- [Supplied information]:
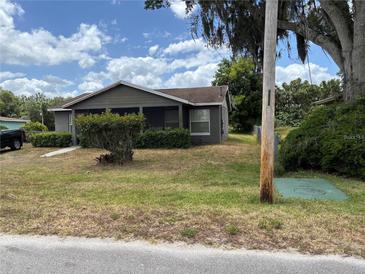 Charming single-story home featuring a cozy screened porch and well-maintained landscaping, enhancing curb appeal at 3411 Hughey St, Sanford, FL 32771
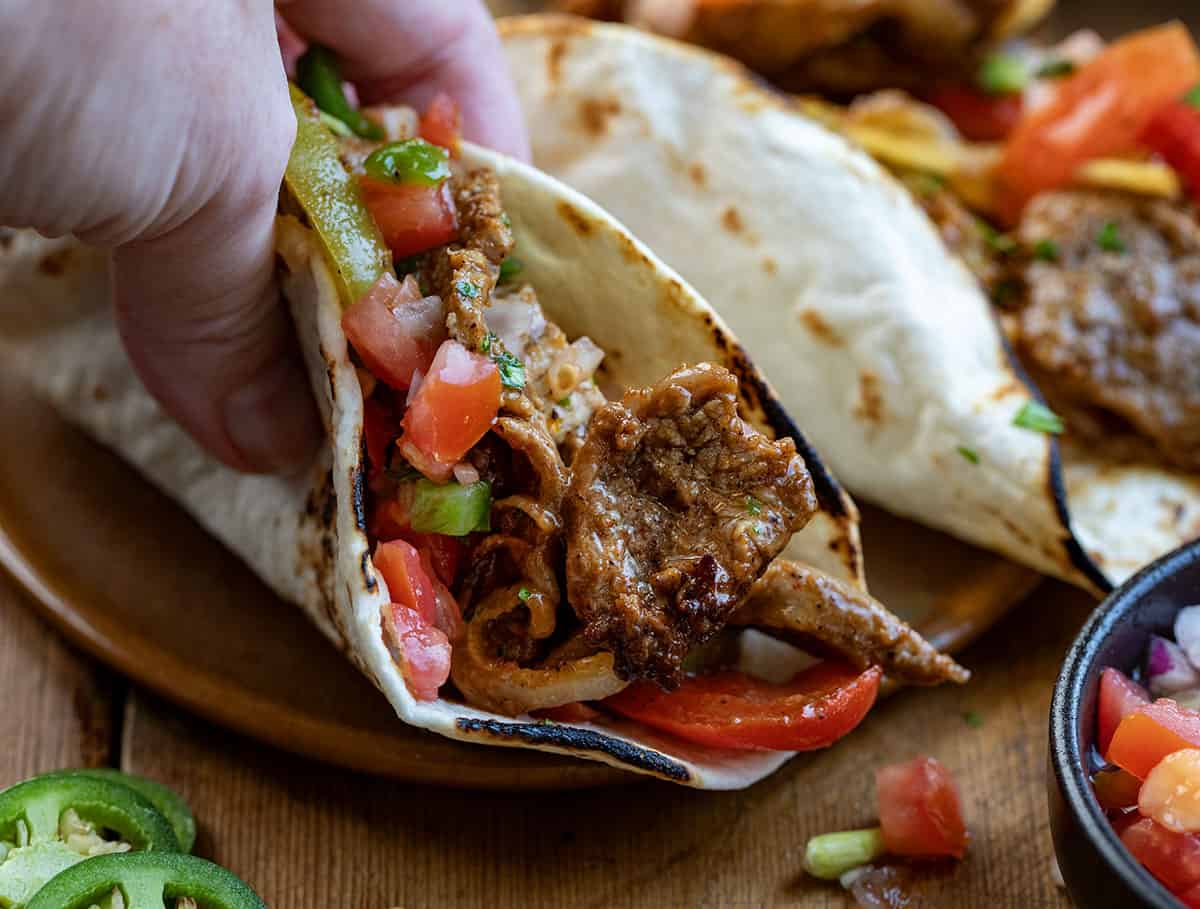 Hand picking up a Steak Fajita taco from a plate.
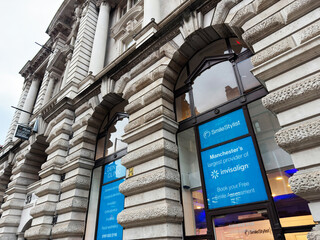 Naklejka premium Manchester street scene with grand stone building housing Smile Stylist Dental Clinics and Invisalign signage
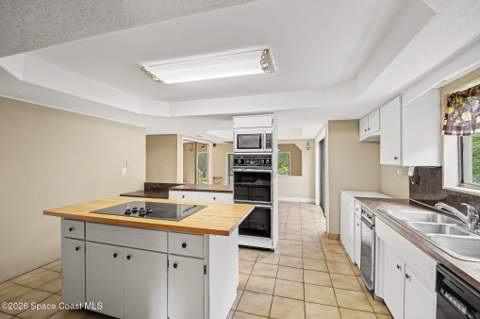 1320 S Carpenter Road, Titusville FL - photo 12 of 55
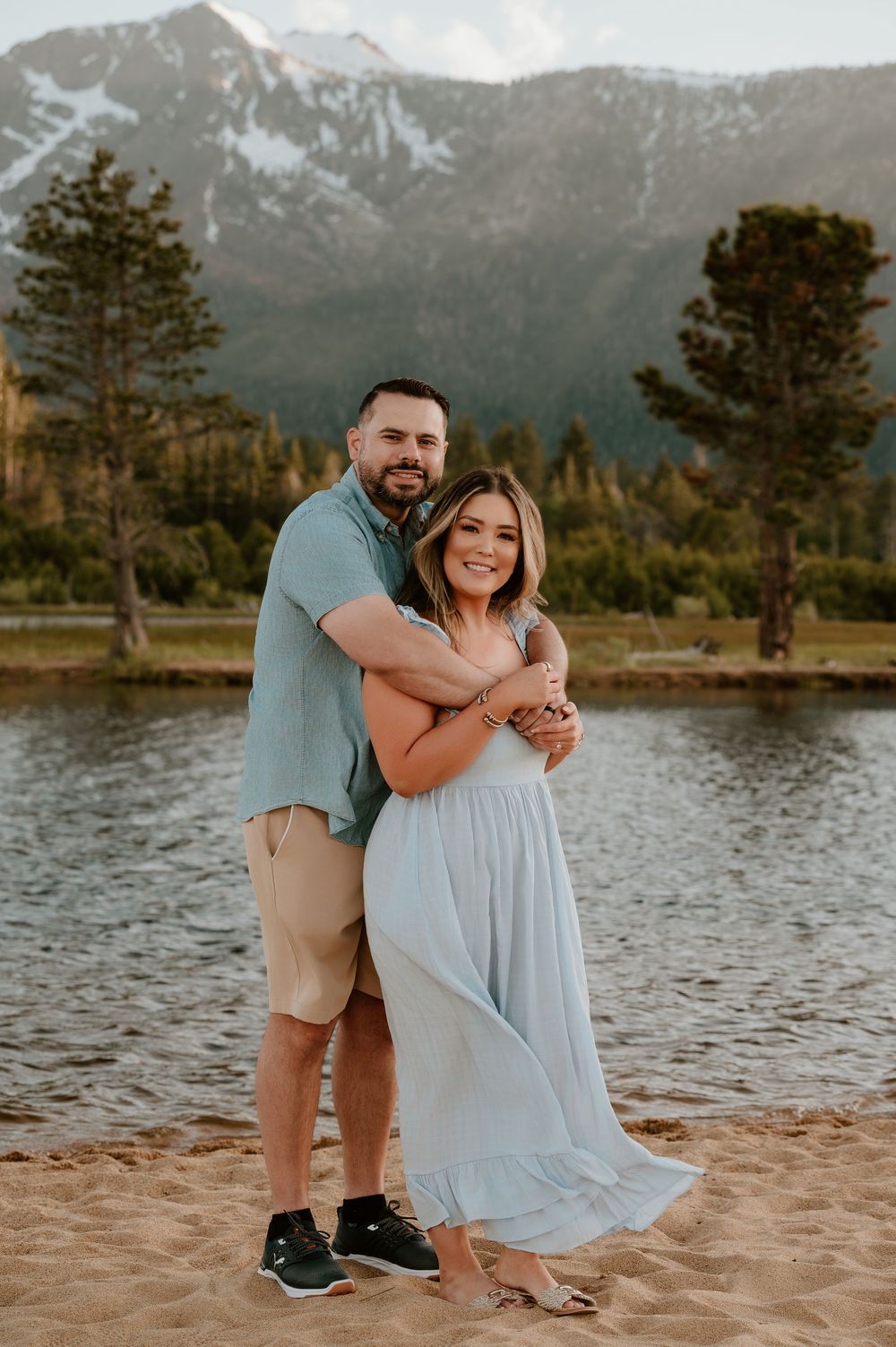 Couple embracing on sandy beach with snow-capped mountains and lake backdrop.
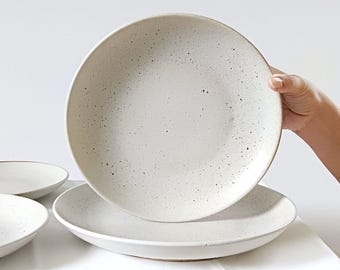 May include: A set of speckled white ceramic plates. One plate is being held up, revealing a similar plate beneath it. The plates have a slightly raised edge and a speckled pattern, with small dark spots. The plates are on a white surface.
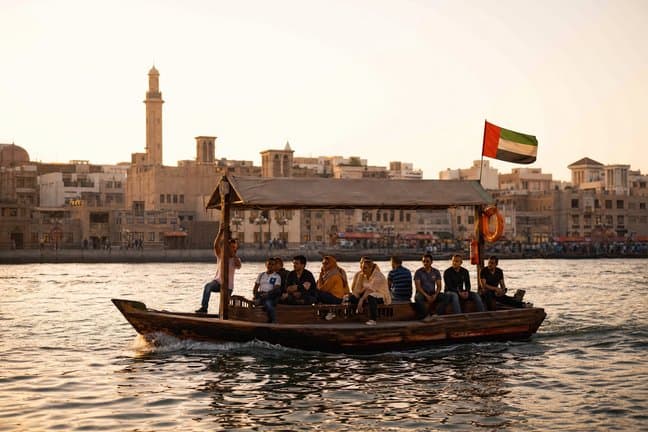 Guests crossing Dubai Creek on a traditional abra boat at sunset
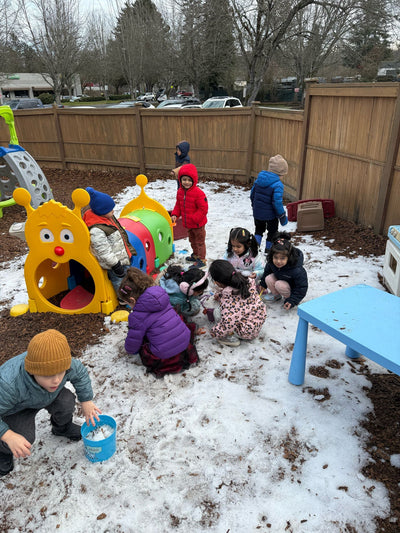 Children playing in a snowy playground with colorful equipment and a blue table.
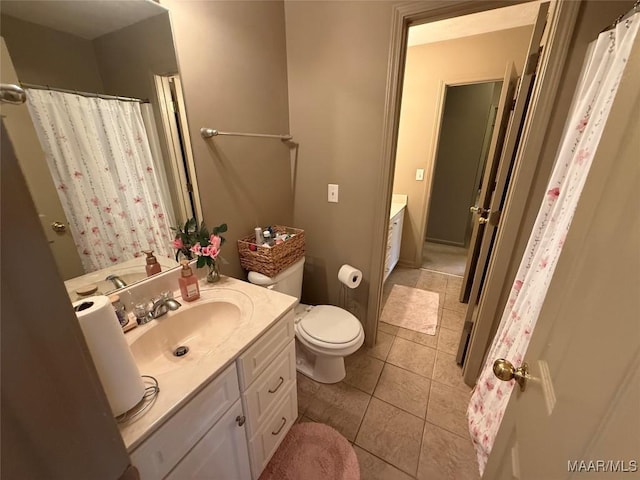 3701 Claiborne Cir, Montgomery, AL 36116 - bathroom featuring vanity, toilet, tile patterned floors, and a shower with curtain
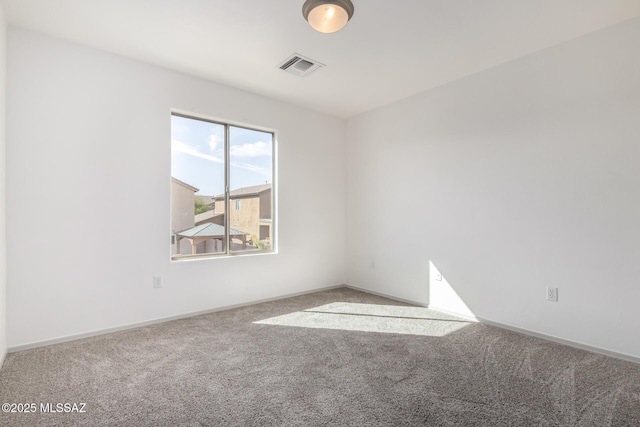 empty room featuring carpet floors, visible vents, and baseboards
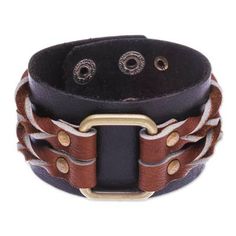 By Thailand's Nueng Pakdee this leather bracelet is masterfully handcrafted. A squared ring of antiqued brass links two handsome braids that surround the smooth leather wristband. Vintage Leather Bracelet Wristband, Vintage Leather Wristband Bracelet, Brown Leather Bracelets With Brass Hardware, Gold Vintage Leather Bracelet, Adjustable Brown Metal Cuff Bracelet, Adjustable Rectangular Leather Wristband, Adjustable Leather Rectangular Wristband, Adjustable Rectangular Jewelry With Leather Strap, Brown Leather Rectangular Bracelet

- [About this exercise]:
When you repeat the lines above, keep them exact and leave out each image they contain.

- [Task result]:
 Charming single-story home featuring a cozy screened porch and well-maintained landscaping, enhancing curb appeal at 3411 Hughey St, Sanford, FL 32771
 Hand picking up a Steak Fajita taco from a plate.
 Naklejka premium Manchester street scene with grand stone building housing Smile Stylist Dental Clinics and Invisalign signage
 1320 S Carpenter Road, Titusville FL - photo 12 of 55
 Couple embracing on sandy beach with snow-capped mountains and lake backdrop.
 May include: A set of speckled white ceramic plates. One plate is being held up, revealing a similar plate beneath it. The plates have a slightly raised edge and a speckled pattern, with small dark spots. The plates are on a white surface.
 Guests crossing Dubai Creek on a traditional abra boat at sunset
 Children playing in a snowy playground with colorful equipment and a blue table.
 3701 Claiborne Cir, Montgomery, AL 36116 - bathroom featuring vanity, toilet, tile patterned floors, and a shower with curtain
 empty room featuring carpet floors, visible vents, and baseboards
 By Thailand's Nueng Pakdee this leather bracelet is masterfully handcrafted. A squared ring of antiqued brass links two handsome braids that surround the smooth leather wristband. Vintage Leather Bracelet Wristband, Vintage Leather Wristband Bracelet, Brown Leather Bracelets With Brass Hardware, Gold Vintage Leather Bracelet, Adjustable Brown Metal Cuff Bracelet, Adjustable Rectangular Leather Wristband, Adjustable Leather Rectangular Wristband, Adjustable Rectangular Jewelry With Leather Strap, Brown Leather Rectangular Bracelet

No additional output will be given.